È certamente russo il drone che nei giorni scorsi ha sorvolato per sei volte (due in un giorno solo) il Joint research centre di Ispra, sul lago Maggiore. Nessuno lo ha visto, ma i captatori del centro di ricerca della Commissione Ue, che rilevano le onde radio, hanno registrato frequenze associabili a un dispositivo di fabbricazione russa. La Procura di Milano ha aperto un fascicolo per spionaggio politico o militare, aggravato dalla finalità di terrorismo per azioni che «possono arrecare grave danno a un Paese o a un'organizzazione internazionale e sono compiute allo scopo di intimidire la popolazione».

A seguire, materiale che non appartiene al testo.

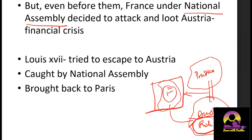At the same time, Louis XVI was not safe — other powers were coming to attack, yet the National Assembly was planning to attack Austria. Louis XVI thought he would escape to his relatives in Austria with his family. However, he was caught by the National Assembly on the way and brought back to Paris.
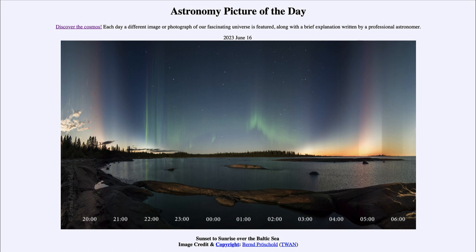We can also see the glow of the aurora — the northern lights — which are caused by particles from our Sun that strike the Earth's magnetic field, are funneled down into the atmosphere, and when they strike oxygen atoms high up in the atmosphere, they cause the green glow.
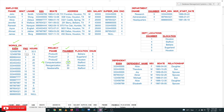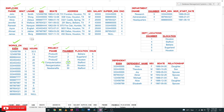From the Works_On table we are going to get the SSNs based on the project numbers, and based on those SSNs we can get the F_Name and L_Name from the Employee table. This is how we break down the query. Three tables are involved: Employee, Works_On, and Projects.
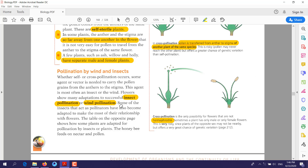When a bee or any insect lands on a flower, some of the pollens stick to its legs. When this insect flies from one flower to another and sits on another flower, some of these pollens land on the stigma. The stigma has a waxy substance on its surface which grabs the pollens. Then these pollens start growing and forming the pollen tube, and the process of fertilization takes place.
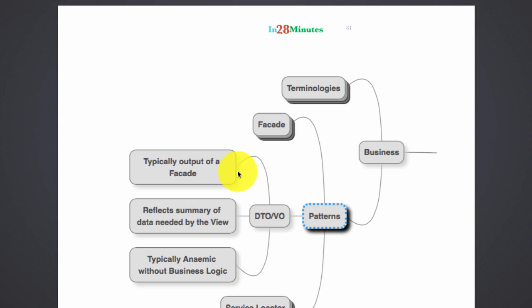We talked about the facade pattern earlier where it groups different kinds of data and returns back to the web layer. So the facade acts as the single point which the web layer keeps talking to.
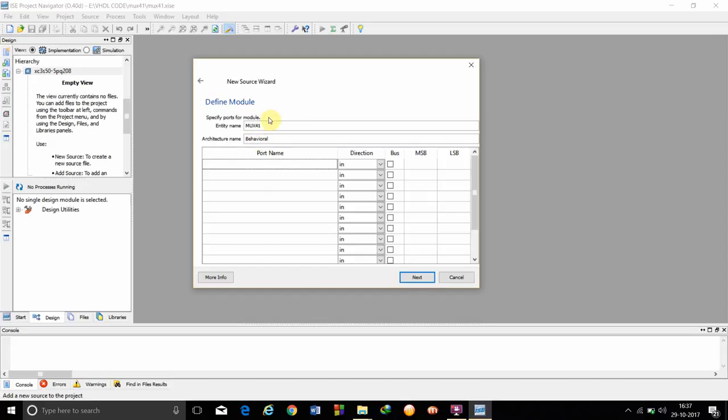This is the define module wizard. We have to see that architecture name is behavioral, because we are using this style of modeling.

La Procura chiederà all'Enav e all'Aeronautica militare i tracciati della zona a caccia di riscontri sulla presenza del drone sospetto. Per ora, infatti, stando a quanto chiarito dopo la riunione di ieri tra pm e Ros, tutto ciò che è agli atti è la denuncia della sicurezza del Jrc. Al momento, dunque, ci sono solo le tracce delle frequenze rilevate dal sistema del centro e si cerca la conferma del sorvolo del drone nella no-fly zone. Il captatore della sicurezza del Jrc è stato sequestrato e sarà analizzato. Alcune persone, come i responsabili della sicurezza, sono state sentiti. La prima segnalazione agli inquirenti è del 28 marzo. I sorvoli si sarebbero concentrati nell'arco di 5-6 giorni. Il fascicolo, coordinato dal pm Alessandro Gobbis e dall'aggiunto del pool antiterrorismo Eugenio Fusco, nell'ufficio guidato da Marcello Viola, è a carico di ignoti. Il reato di «spionaggio politico o militare» punisce «chiunque si procura, a scopo di spionaggio politico o militare, notizie che, nell'interesse della sicurezza dello Stato o, comunque, nell'interesse politico, interno o internazionale, dello Stato, debbono rimanere segrete». Pena prevista non inferiore ai 15 anni e arriva fino all'ergastolo «se il fatto è commesso nell'interesse di uno Stato in guerra con lo Stato italiano» o «se il fatto ha compromesso la preparazione o l'efficienza bellica dello Stato, ovvero le operazioni militari». Dai primi accertamenti emergerebbe che il drone-spia fosse pilotato da una distanza non eccessiva rispetto all'obiettivo. Gli inquirenti si stanno però chiedendo perché, se davvero si tratta di un velivolo russo in attività di spionaggio, abbia lasciato dietro di sé proprio un «segnale» russo. Dunque, è una delle ipotesi sul tavolo, lo scopo potrebbe essere proprio di farsi vedere per dimostrare di poter violare con facilità lo spazio aereo proibito. Un'altra pista è quella di italiani filo-russi che possano essersi messi a disposizione per effettuare l'operazione di spionaggio.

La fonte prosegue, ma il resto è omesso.